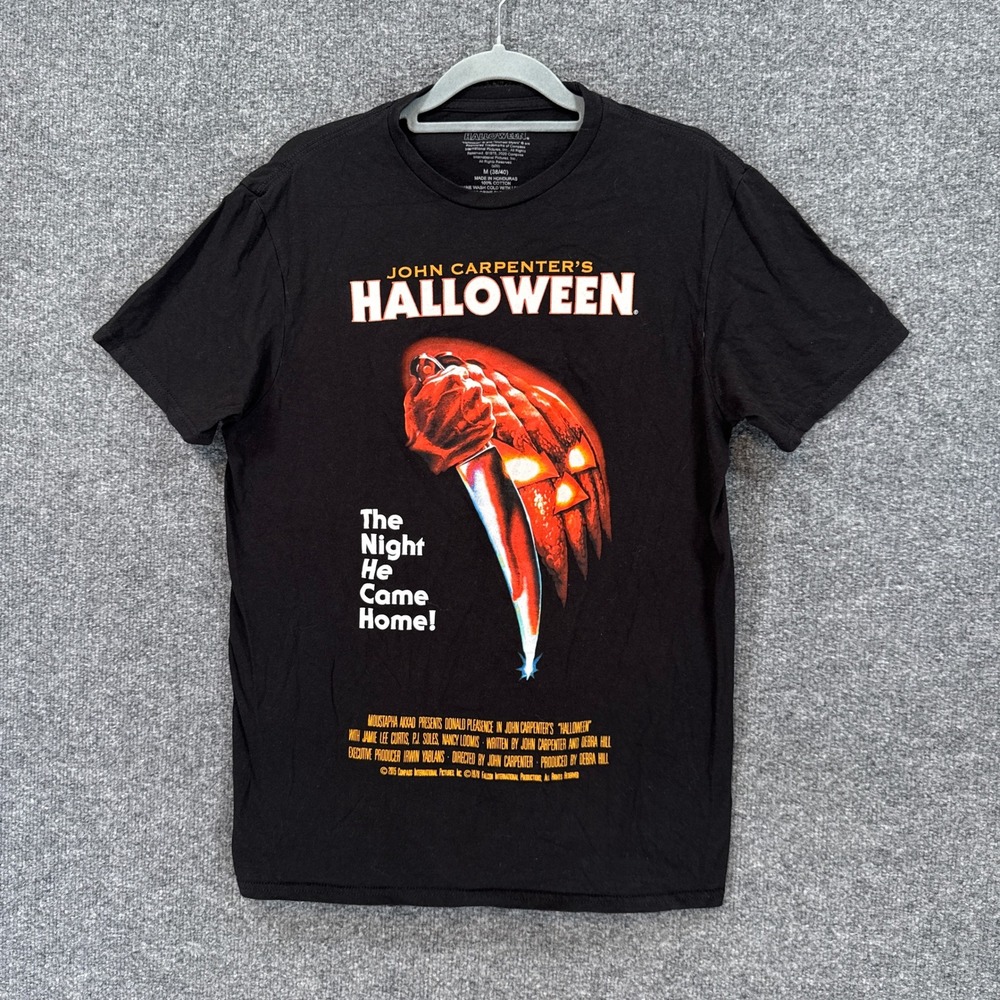 Halloween Tshirt Mens Medium Black Michael Myers Horror Movie Graphic Tee
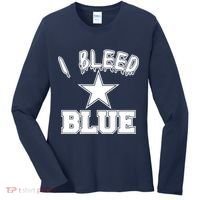 I Bleed Blue Dallas, Texas Fan Pride Women's Long Sleeve Shirt thumb 0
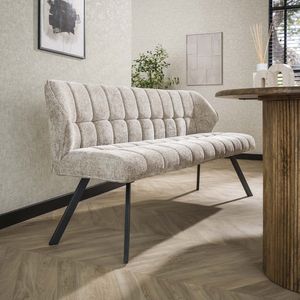 LifestyleFurn Eetkamerbank Thandie - Rich stof - 180cm - Zand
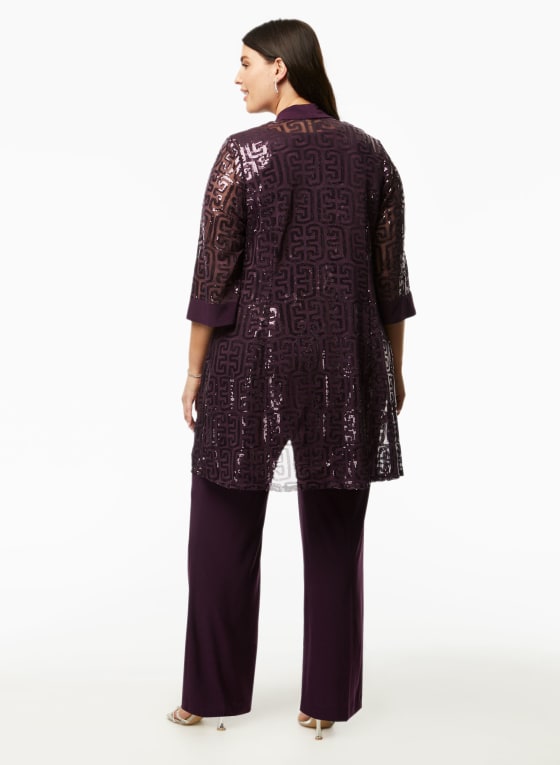 Sequin Detail Jacket, Pants & Cami Set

_AIM OF THE TASK_
Nothing but the lines from the one containing "I Bleed Blue" through the end of the listing should be printed, each exactly as it appears and without pictures.

_RESPONSE AREA_
 I Bleed Blue Dallas, Texas Fan Pride Women's Long Sleeve Shirt thumb 0
 LifestyleFurn Eetkamerbank Thandie - Rich stof - 180cm - Zand
 Sequin Detail Jacket, Pants & Cami Set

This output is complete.